According to the feedback questionnaire, the materials were helpful to change their sleep problems. In addition, all rated the videos helpful. This is in line with previous iCBT‑I studies [14, 23, 24]. However, our findings widen the results pointing towards prevention training.

Rumination, mental health and other outcomes

Concerning other mental health outcomes our pilot study shows that besides sleep-related enhancements, mental health was also slightly better after training resulting in reduced scores concerning depression and a higher quality of life. These results are in line with Behrens et al., who reported significant differences for cognitive activity and for mental and work-related health, especially work-related rumination and worry as mediators on sleep [2].

Application

Concerning the training application, in contrast to a previous study addressing children, our study had no personal contact [22] and no meeting each other in person [20]. However, some of the participants recommended the possibility of additive personal contacts for questions or further information (e.g., concerning specific sleep-related questions of asthma patients). Overall, the study was also well accepted regarding application. As we addressed a specific group (university staff) showing a high prevalence of sleep problems, prevention and early intervention is very important.

Limitations

There are some limitations of the study which should be mentioned. As only 12 individuals participated in this pilot study addressing the adaptation and feasibility of an online self-learning format, the results have to be considered with caution. However, we received detailed feedback from participants addressing the self-learning format, the videos and drawings and also feedback concerning technical issues.
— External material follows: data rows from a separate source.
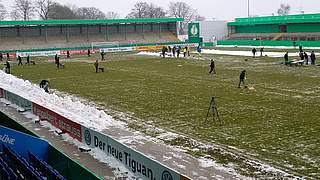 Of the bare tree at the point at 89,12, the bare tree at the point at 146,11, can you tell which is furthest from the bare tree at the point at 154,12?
the bare tree at the point at 89,12

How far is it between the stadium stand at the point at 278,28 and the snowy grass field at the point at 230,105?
46.1 meters

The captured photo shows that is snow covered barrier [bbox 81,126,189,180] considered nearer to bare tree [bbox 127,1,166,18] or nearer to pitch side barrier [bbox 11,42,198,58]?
pitch side barrier [bbox 11,42,198,58]

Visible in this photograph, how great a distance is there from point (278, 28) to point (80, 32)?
40.1m

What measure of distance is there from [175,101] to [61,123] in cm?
735

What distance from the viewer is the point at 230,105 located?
840 inches

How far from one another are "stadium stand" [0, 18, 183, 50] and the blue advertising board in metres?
66.9

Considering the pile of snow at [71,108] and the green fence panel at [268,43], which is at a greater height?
the green fence panel at [268,43]

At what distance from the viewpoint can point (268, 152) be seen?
539 inches

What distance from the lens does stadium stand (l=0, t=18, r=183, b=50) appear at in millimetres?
79375

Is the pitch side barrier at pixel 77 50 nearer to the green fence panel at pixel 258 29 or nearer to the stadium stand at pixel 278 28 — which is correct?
the stadium stand at pixel 278 28

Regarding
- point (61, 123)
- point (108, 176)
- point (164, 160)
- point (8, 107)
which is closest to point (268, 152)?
point (164, 160)

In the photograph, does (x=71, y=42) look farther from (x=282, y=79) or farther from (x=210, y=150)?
(x=210, y=150)

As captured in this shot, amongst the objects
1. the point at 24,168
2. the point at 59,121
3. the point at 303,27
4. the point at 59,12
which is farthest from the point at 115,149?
the point at 59,12

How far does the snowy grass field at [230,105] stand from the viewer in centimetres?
1379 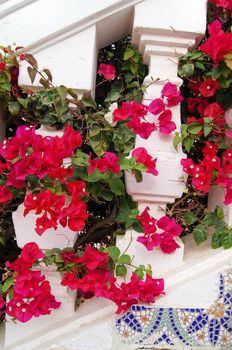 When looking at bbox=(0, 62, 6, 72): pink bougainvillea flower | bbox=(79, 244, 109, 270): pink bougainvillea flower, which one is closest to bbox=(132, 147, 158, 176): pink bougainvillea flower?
bbox=(79, 244, 109, 270): pink bougainvillea flower

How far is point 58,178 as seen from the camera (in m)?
1.52

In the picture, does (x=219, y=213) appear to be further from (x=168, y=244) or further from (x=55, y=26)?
(x=55, y=26)

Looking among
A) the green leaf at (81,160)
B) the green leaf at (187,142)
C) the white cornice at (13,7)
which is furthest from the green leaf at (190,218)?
the white cornice at (13,7)

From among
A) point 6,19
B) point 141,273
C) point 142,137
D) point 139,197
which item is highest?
point 6,19

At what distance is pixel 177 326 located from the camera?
5.38ft

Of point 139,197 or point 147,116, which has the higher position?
point 147,116

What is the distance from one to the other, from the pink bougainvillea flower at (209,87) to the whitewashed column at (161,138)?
97 millimetres

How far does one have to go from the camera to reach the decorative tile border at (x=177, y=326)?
64.4 inches

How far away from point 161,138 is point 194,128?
0.41 feet

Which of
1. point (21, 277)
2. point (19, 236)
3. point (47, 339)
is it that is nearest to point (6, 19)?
point (19, 236)

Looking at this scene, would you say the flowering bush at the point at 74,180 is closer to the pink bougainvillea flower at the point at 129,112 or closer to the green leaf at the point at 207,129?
the pink bougainvillea flower at the point at 129,112

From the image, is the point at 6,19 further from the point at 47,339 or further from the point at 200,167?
the point at 47,339

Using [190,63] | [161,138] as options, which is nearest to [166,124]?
[161,138]

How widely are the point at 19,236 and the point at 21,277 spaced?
0.57 feet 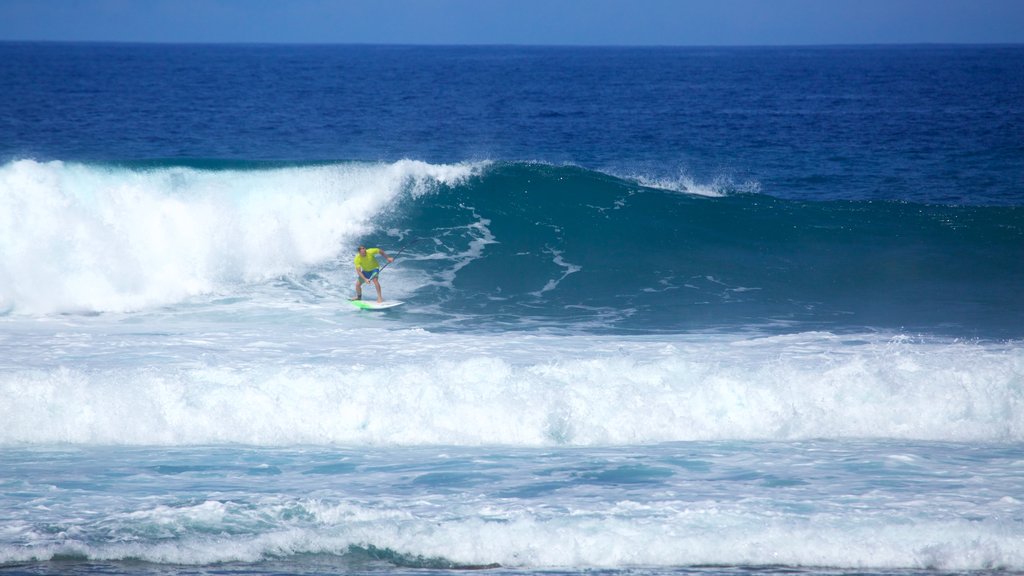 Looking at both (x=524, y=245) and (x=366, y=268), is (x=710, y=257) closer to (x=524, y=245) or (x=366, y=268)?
(x=524, y=245)

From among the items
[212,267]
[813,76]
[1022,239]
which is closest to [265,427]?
[212,267]

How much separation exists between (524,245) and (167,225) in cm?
609

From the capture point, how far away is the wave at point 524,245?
13.8 m

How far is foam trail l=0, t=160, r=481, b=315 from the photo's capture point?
45.9 feet

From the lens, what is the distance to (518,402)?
9.25m

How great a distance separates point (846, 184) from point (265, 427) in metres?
19.7

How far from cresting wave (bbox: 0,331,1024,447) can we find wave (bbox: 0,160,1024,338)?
2979mm

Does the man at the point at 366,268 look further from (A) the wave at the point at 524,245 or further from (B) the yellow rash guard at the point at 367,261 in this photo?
(A) the wave at the point at 524,245

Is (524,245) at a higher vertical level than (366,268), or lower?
higher

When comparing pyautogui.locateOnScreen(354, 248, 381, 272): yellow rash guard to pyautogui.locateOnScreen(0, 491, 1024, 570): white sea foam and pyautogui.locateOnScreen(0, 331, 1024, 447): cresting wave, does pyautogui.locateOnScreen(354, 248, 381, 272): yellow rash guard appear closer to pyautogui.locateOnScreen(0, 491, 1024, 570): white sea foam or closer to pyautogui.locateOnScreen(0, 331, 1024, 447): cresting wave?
pyautogui.locateOnScreen(0, 331, 1024, 447): cresting wave

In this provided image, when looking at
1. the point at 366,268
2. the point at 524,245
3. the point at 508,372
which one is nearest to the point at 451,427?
the point at 508,372

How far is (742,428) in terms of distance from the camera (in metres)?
9.08

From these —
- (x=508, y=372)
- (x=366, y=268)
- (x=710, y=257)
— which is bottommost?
(x=508, y=372)

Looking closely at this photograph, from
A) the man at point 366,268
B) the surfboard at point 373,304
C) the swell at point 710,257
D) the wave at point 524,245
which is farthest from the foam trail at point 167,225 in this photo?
the surfboard at point 373,304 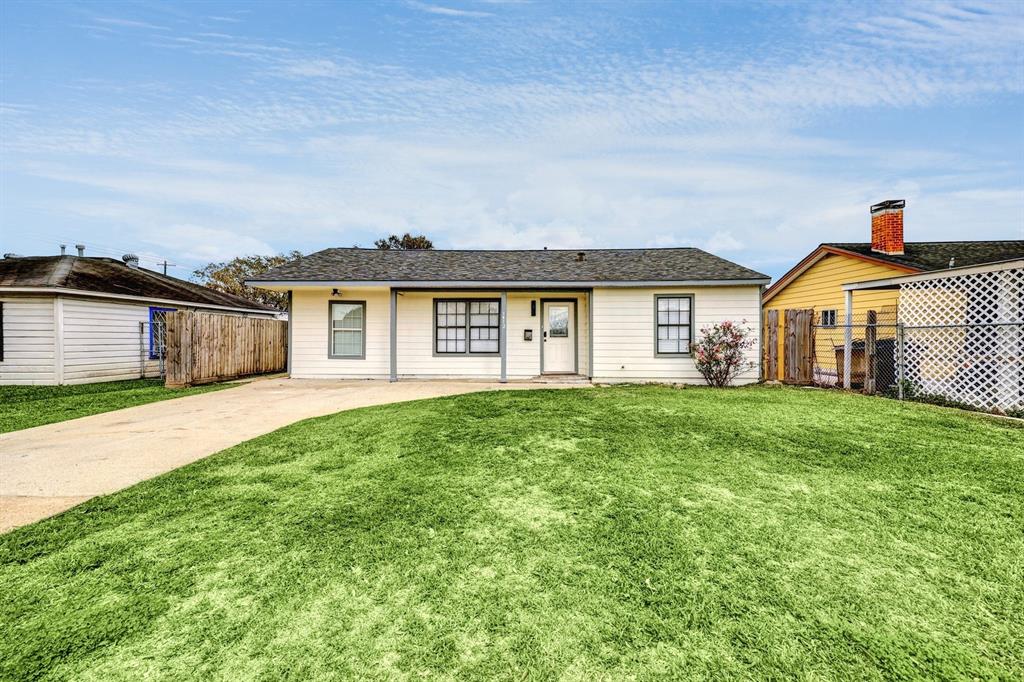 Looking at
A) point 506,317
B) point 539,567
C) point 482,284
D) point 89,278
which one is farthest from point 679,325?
point 89,278

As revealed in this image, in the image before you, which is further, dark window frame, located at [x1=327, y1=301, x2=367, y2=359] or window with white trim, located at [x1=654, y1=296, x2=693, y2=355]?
dark window frame, located at [x1=327, y1=301, x2=367, y2=359]

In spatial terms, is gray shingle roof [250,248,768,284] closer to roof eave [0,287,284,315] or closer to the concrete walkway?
the concrete walkway

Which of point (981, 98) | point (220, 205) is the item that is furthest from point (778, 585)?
point (220, 205)

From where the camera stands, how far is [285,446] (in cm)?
528

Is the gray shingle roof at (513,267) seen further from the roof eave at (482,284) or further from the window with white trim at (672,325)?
the window with white trim at (672,325)

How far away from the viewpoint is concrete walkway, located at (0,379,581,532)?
13.1ft

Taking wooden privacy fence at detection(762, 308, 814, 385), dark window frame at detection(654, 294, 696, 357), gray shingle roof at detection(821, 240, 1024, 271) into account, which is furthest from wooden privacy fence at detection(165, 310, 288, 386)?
gray shingle roof at detection(821, 240, 1024, 271)

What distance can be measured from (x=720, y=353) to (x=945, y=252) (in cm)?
860

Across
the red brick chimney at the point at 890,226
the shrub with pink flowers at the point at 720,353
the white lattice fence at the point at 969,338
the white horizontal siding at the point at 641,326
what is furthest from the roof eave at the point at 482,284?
the red brick chimney at the point at 890,226

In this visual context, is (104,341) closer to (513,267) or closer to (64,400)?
(64,400)

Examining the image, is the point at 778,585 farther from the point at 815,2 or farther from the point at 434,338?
the point at 815,2

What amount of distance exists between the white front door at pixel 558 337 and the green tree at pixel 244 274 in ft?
87.5

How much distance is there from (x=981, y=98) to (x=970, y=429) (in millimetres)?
17052

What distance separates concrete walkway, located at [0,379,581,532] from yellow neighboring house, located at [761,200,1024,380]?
11499mm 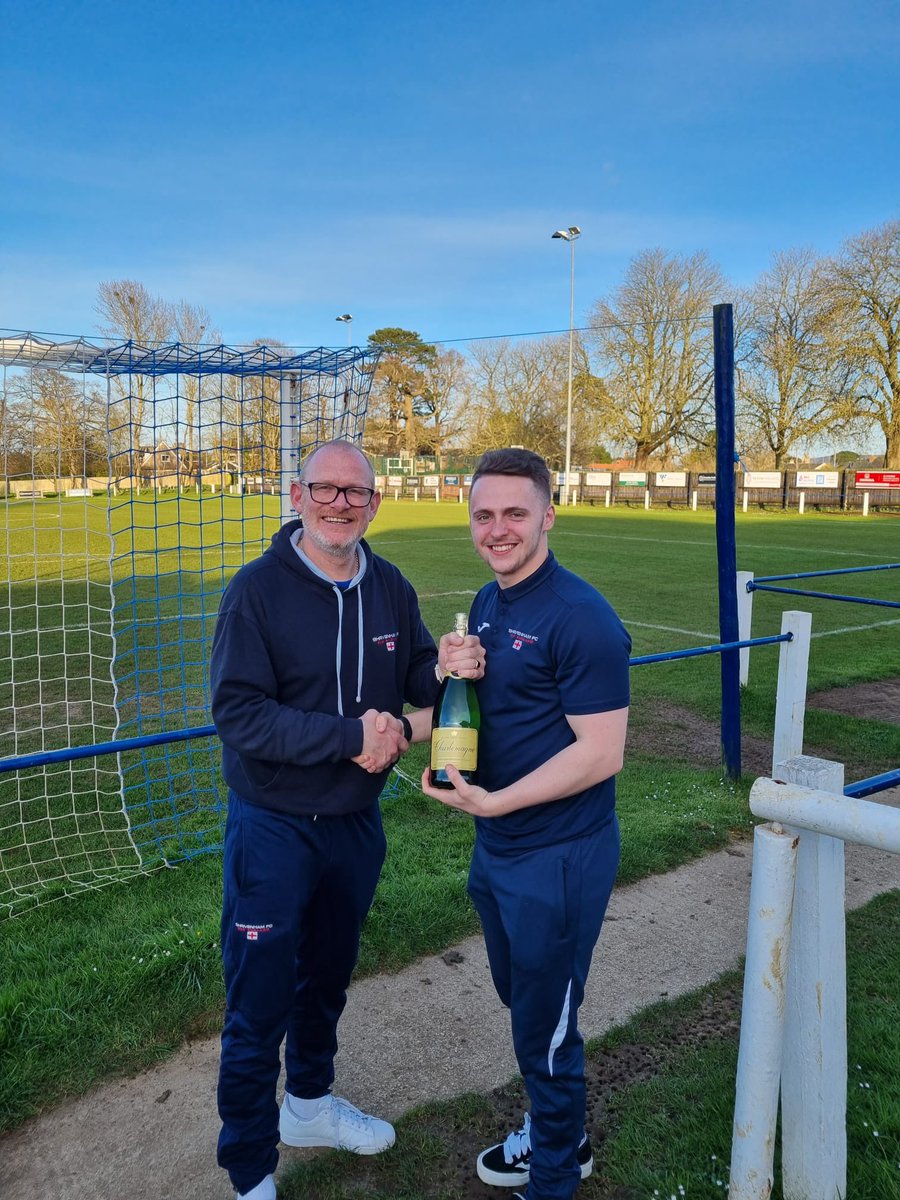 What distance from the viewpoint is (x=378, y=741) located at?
6.94 feet

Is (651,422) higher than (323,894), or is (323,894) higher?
(651,422)

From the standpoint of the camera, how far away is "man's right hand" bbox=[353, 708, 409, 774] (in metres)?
2.11

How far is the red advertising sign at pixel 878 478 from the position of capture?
34.9 m

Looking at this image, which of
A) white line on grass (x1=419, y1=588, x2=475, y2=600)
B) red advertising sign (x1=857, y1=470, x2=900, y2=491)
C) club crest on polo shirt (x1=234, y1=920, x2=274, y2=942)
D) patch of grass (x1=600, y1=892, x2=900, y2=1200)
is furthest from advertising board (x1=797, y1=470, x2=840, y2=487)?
club crest on polo shirt (x1=234, y1=920, x2=274, y2=942)

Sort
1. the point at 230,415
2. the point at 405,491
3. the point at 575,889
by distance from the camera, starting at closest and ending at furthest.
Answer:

However, future online prevention studies should implement more detailed sleep measures as extensive sleep logs and also objective measurements as actigraphy. As this study was a pilot study, we had no further follow-up measurements. Future studies implementing long-term outcomes concerning sleep and mental health are required. However, the aim of this study was to adapt the manual-based CBT‑I intervention for adults in an online self-learning prevention and early intervention format. Assessment of acceptance and feasibility of this adapted version by participants suffering from impaired sleep quality or insomnia symptoms was positive.

Conclusions

As this study shows, online prevention training based on CBT‑I as a self-learn version for university staff members was highly accepted and effective concerning sleep. The SARS-COV‑2 crisis forces new ways of intervention integrating recommendations by the European CBT‑I academy [1]. This pilot study shows that online training is possible for university staff and further that training instructions, exercises and homework instructions can be transferred into video clips and drawings with the help of an electronic slide presentation.